▶ _Exercise aim_
Set the pictures aside and transcribe exactly the lines from the one containing "Апартаменты Easylife - Studio" through the final line of the records.

▶ _Input data_
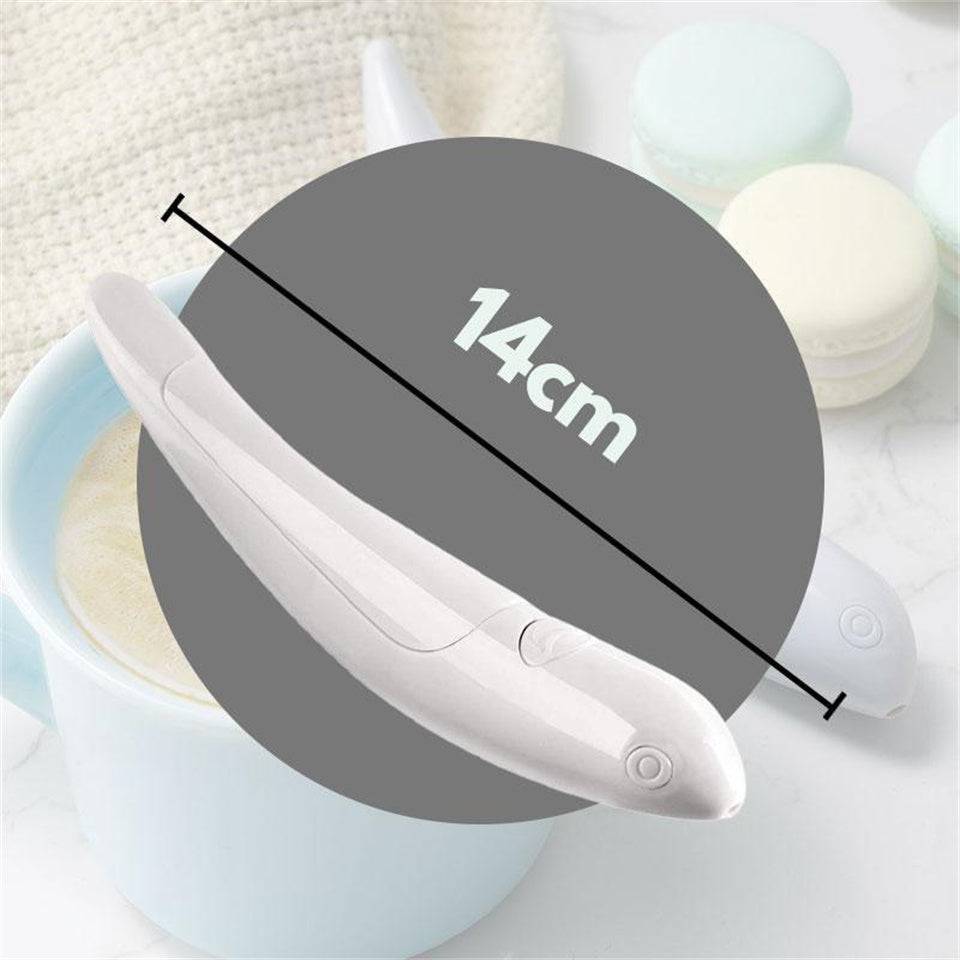 Electrical Latte Art Pen Coffee Carving Pen Baking Pastry Tools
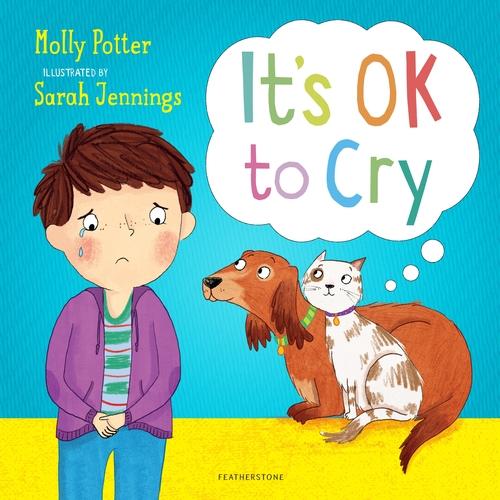 Carte It's OK to Cry POTTER MOLLY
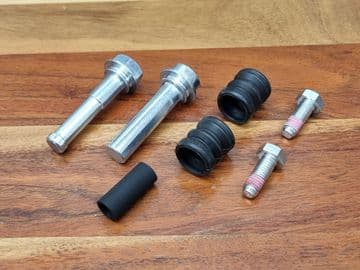 Brake Caliper Front Pad Carrier Slider Pins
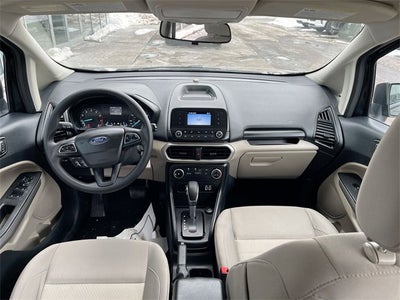 2020 Ford EcoSport S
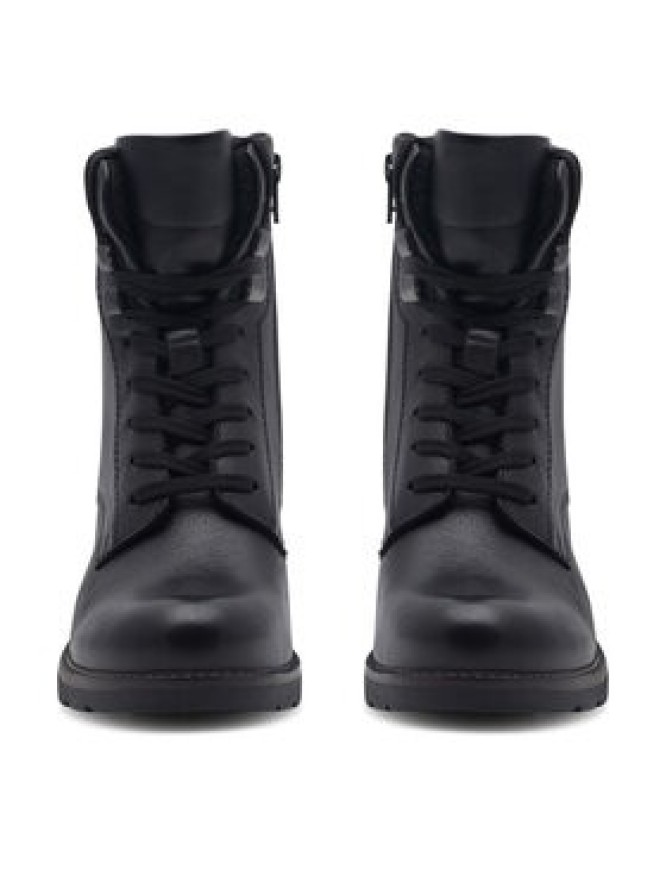 Go Soft Trzewiki WI23-DEMETRA-19 Czarny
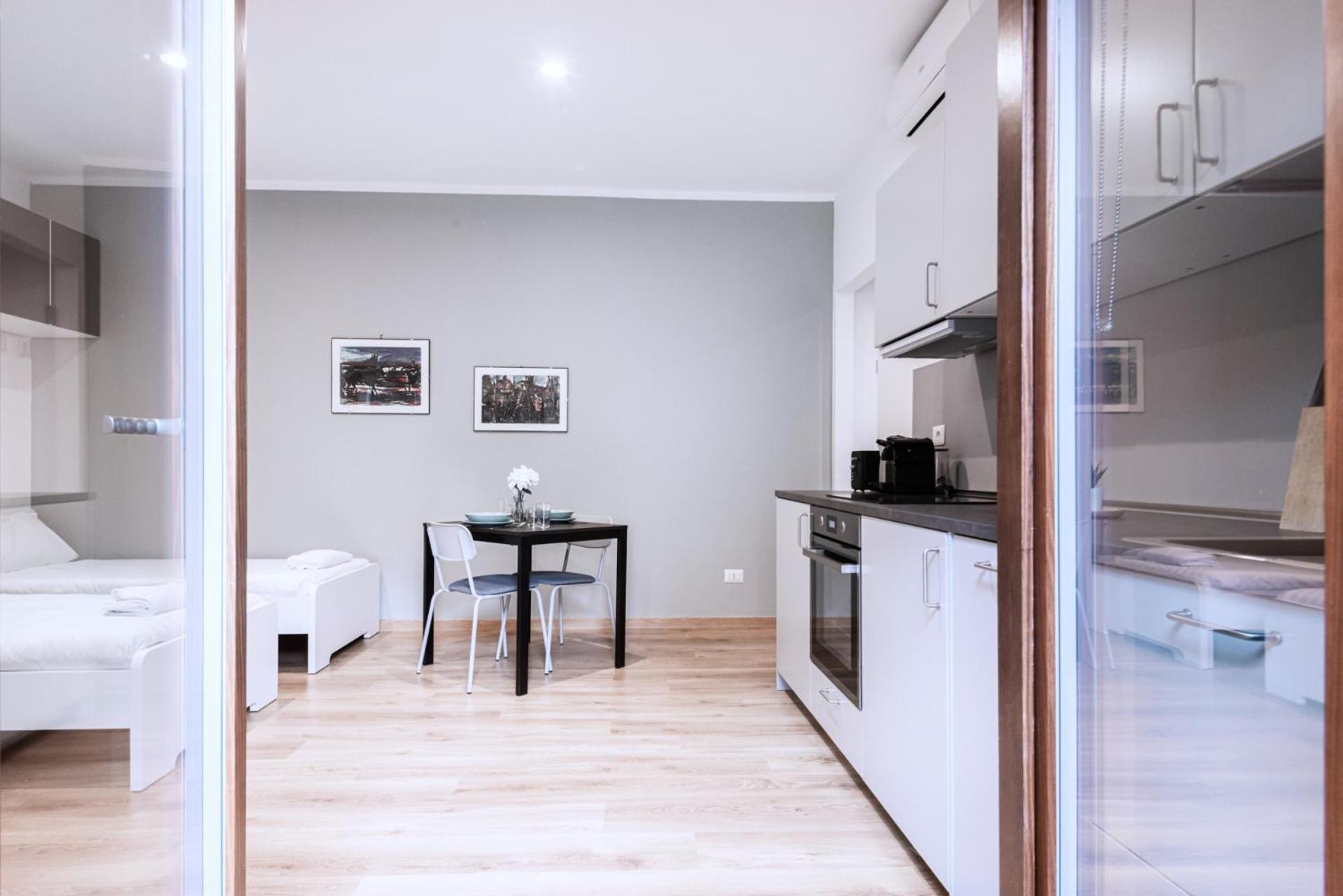 Апартаменты Easylife - Studio Con Balcone In Risorgimento Милан Экстерьер фото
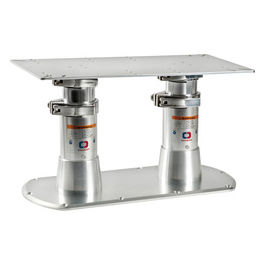 Gamba Tavolo Doppia Base 615 X 300 Mm Osculati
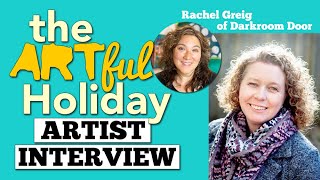 Interview with Rachel Greig of Darkroom Door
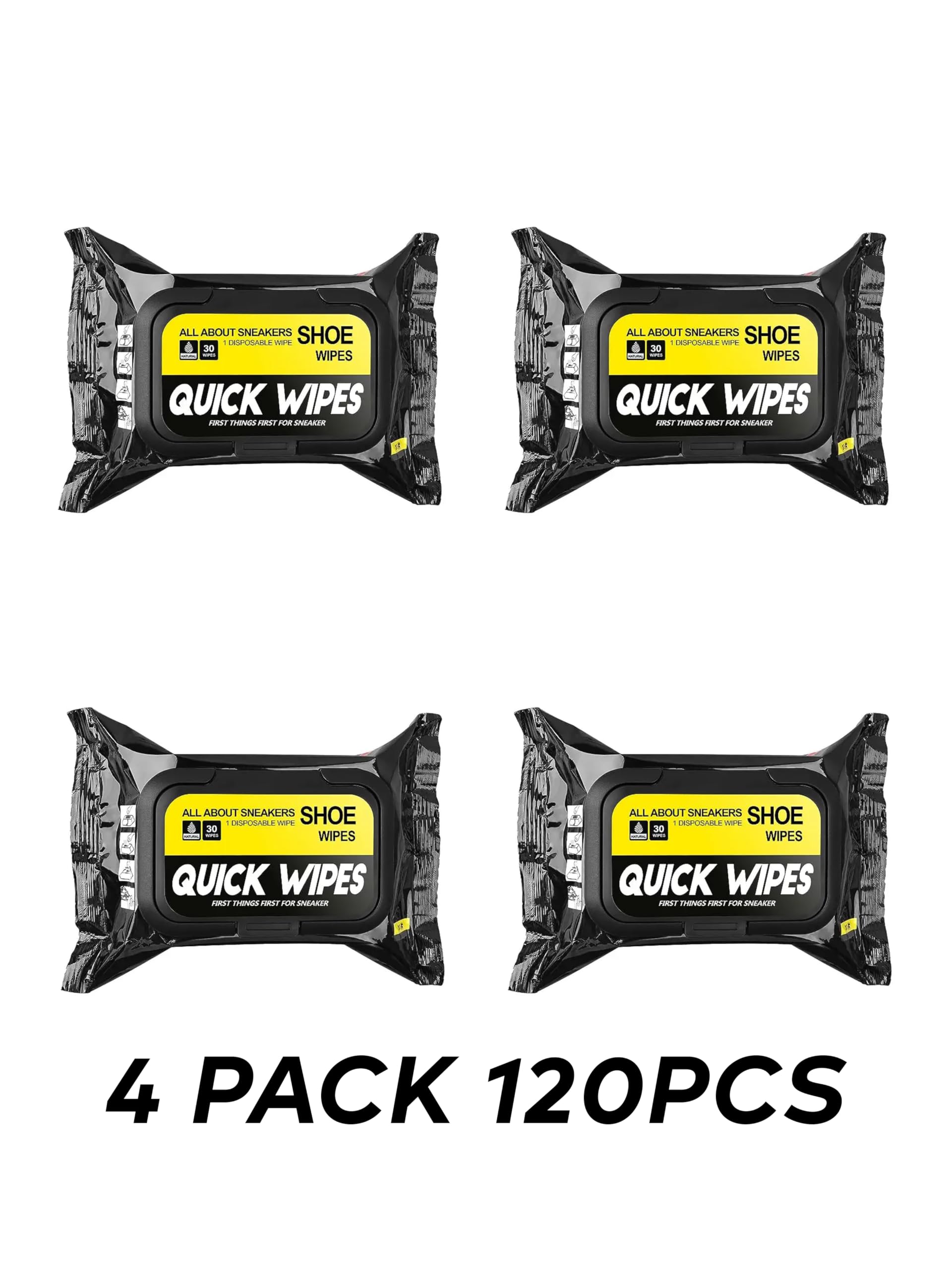 منظف الاحذية من اسول بي دي، مناديل مبللة للاحذية الرياضية، مناديل سريعة للاستعمال مرة واحدة للسفر، محمولة تزيل الاوساخ والبقع، طبيعية، منظف احذية كبير جدا لتنظيف الاحذية بسرعة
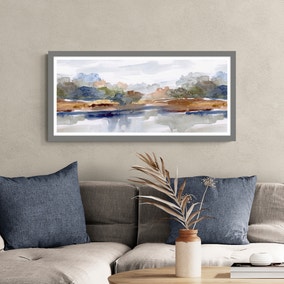 High Sierra Framed Print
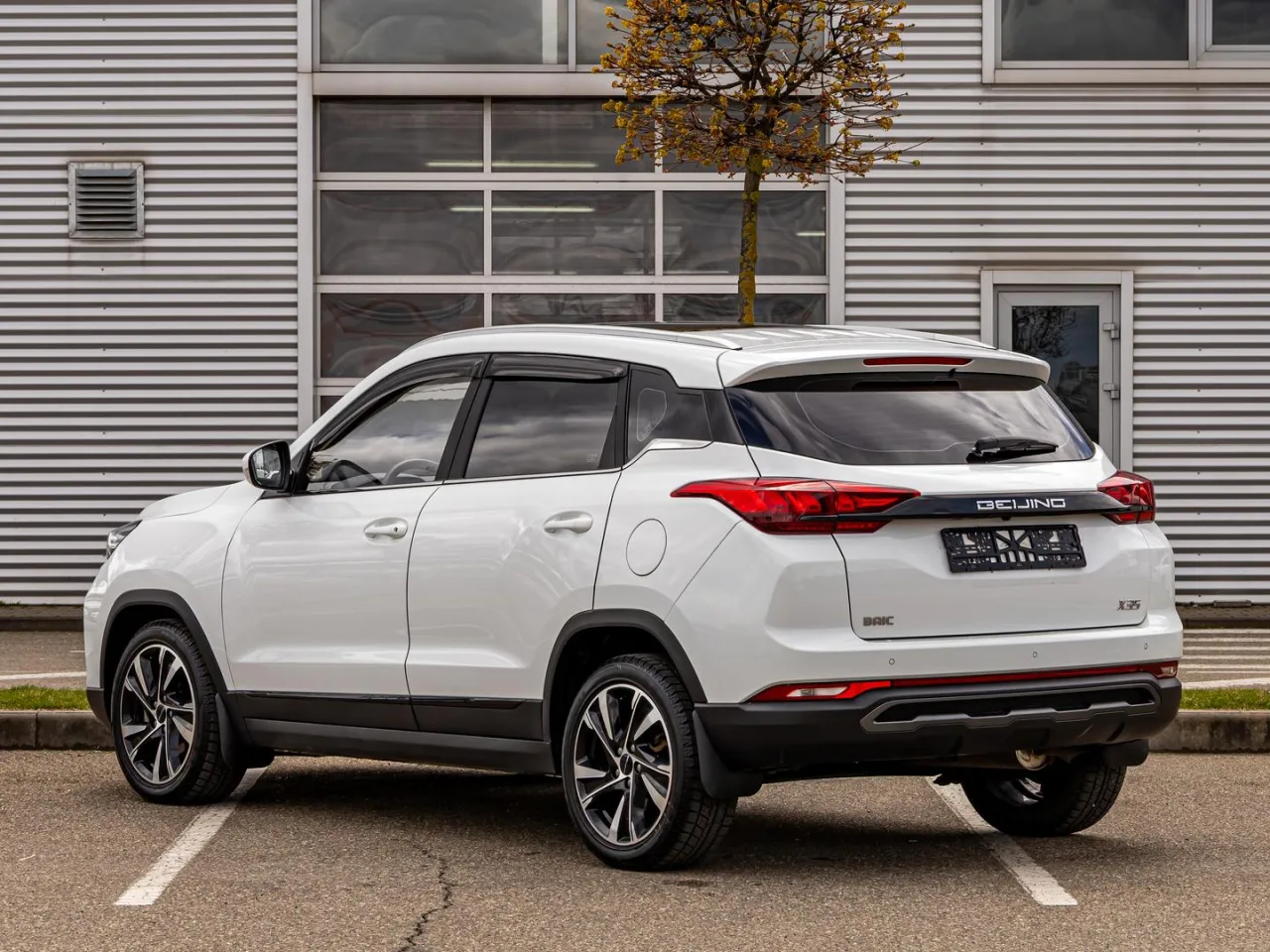 BAIC X35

▶ _Written reply_
 Апартаменты Easylife - Studio Con Balcone In Risorgimento Милан Экстерьер фото
 Gamba Tavolo Doppia Base 615 X 300 Mm Osculati
 Interview with Rachel Greig of Darkroom Door
 منظف الاحذية من اسول بي دي، مناديل مبللة للاحذية الرياضية، مناديل سريعة للاستعمال مرة واحدة للسفر، محمولة تزيل الاوساخ والبقع، طبيعية، منظف احذية كبير جدا لتنظيف الاحذية بسرعة
 High Sierra Framed Print
 BAIC X35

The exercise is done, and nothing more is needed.